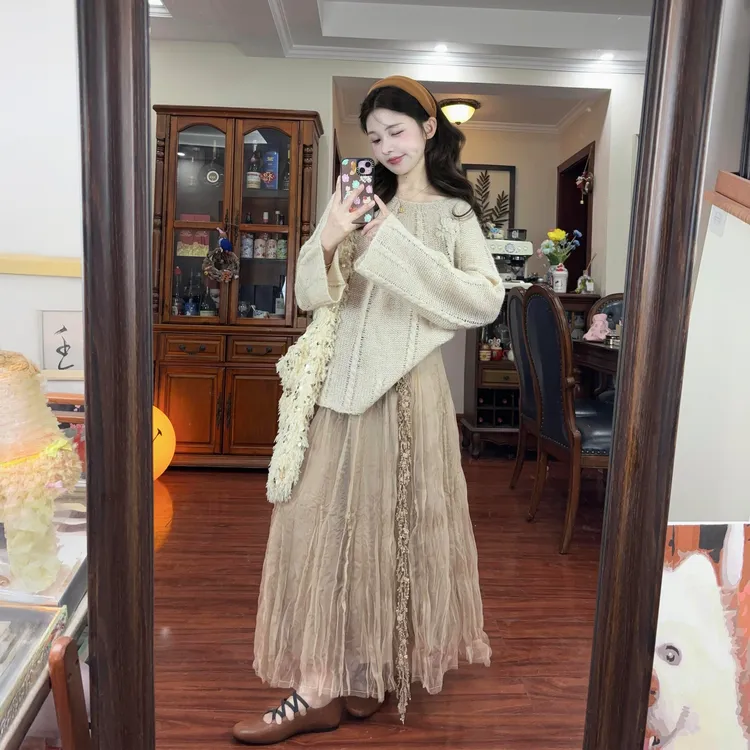 初秋装搭配一整套韩系高级感钩花毛衣镂空针织衫压褶半身裙套装女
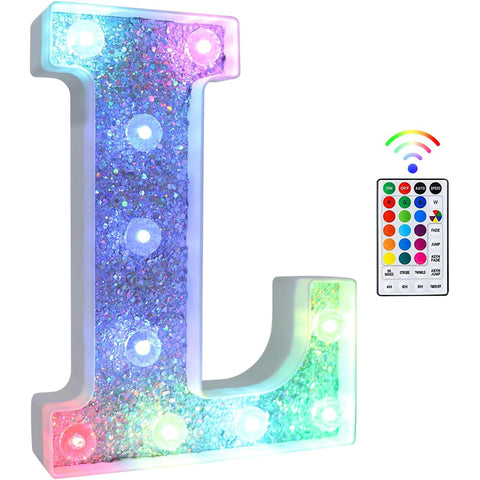 L Style Color Changing LED Letter Light, Glitter Marquee Lamp with 18 Colors, Remote Controlled, Battery Powered Decorative Letter Light for Party, Wedding, Birthday and Home Decor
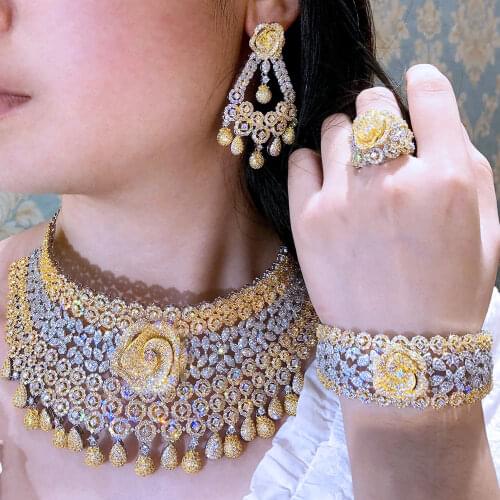 Missvikki Fine 4PCS Noble Bridal Wedding Luxury Earrings Necklace Jewelry Set for Women Party Show Romantic Fashion Jewelry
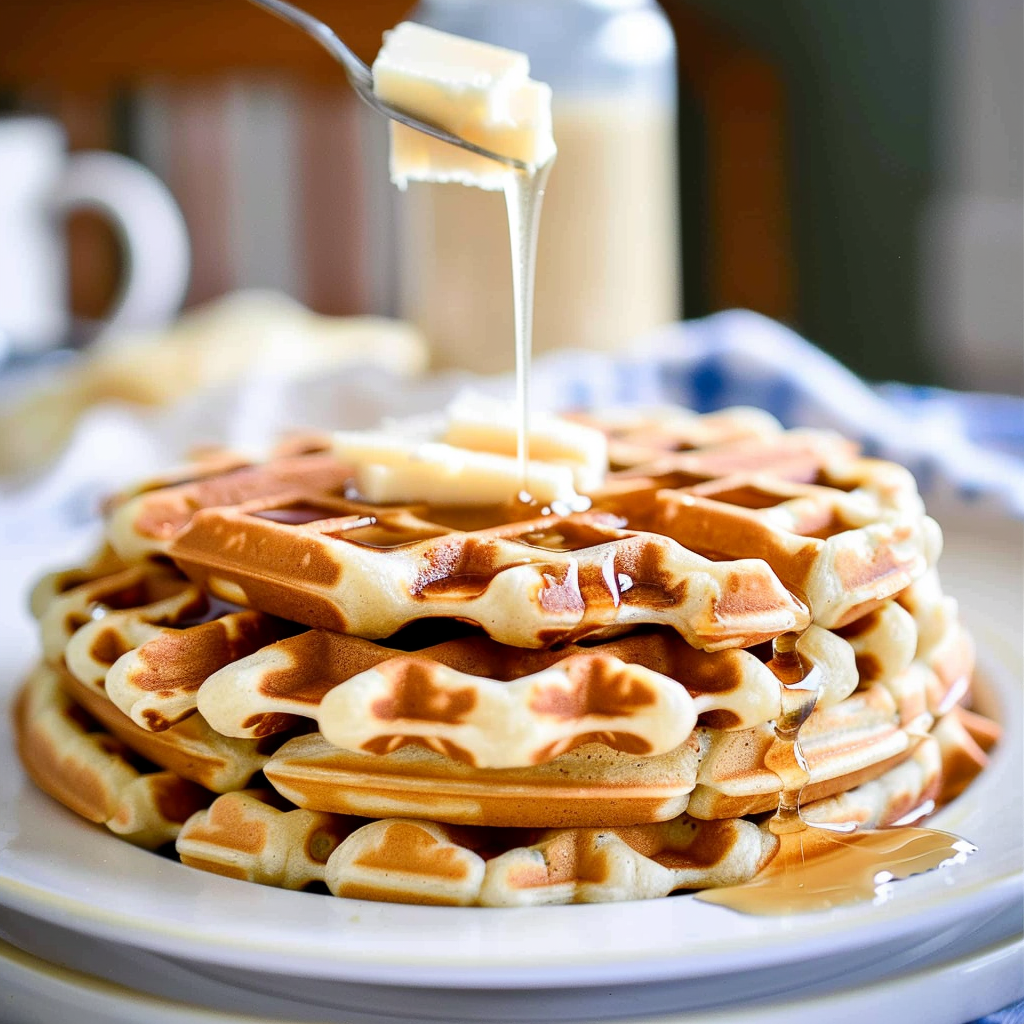 Recipe preparation for Fluffy Golden Waffles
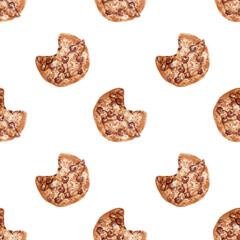 Seamless pattern of watercolor chocolate cookies and gingerbread. Christmas gingerbread cookies. Christmas decorations, Cookie Day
········
* REQUIRED WORK: Restate the material above exactly. Exclude all pictures.

* EXPECTED OUTPUT:
 初秋装搭配一整套韩系高级感钩花毛衣镂空针织衫压褶半身裙套装女
 L Style Color Changing LED Letter Light, Glitter Marquee Lamp with 18 Colors, Remote Controlled, Battery Powered Decorative Letter Light for Party, Wedding, Birthday and Home Decor
 Missvikki Fine 4PCS Noble Bridal Wedding Luxury Earrings Necklace Jewelry Set for Women Party Show Romantic Fashion Jewelry
 Recipe preparation for Fluffy Golden Waffles
 Seamless pattern of watercolor chocolate cookies and gingerbread. Christmas gingerbread cookies. Christmas decorations, Cookie Day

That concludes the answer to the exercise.